5. Not very shareholder friendly
Meanwhile, AMC management has been making some interesting decisions lately. It sold a lot of stock in the early days of the meme stock trend. This could be a good move and could save it from potential bankruptcy.
However, it tried to get back to that well, and investors rejected more ideas dilution. Faced with failure, management decided to spin off preferred stock, which trades under the ticker symbol . (ape -9.26%), to shareholders. However, the move may be to sell more preferred shares on the open market.
Then there is the March 2022 investment in gold miners Highcroft Mining (HYMC -10.76%). What does the gold mine have to do with movies? If you can’t figure this out, that’s another reason to avoid AMC positions.
It’s hard to argue with someone who thinks management is thinking about things other than shareholders right now.
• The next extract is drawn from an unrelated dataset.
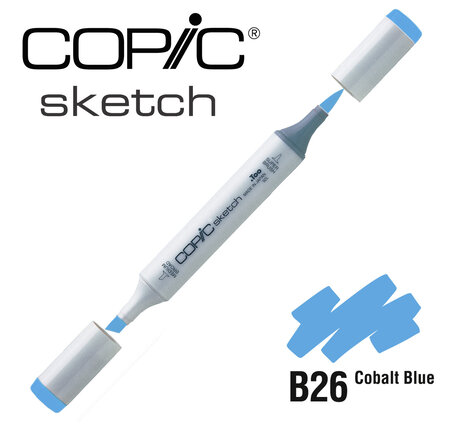 Marqueur à l'alcool Copic Sketch B26 Cobalt Blue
This is not the type of company that most investors should trust.
risk and reward
Movies are unlikely to disappear, but the industry is different today than it was just a few short years ago. Meanwhile, AMC stock has been volatile as the company struggles and makes questionable business decisions.
AMC now looks more like a gamble than an investment, and if that’s what you want, that’s fine. However, most long-term investors probably aren’t looking for a casino-like boom when they buy stocks. Even the most aggressive investors should think twice about AMC Entertainment.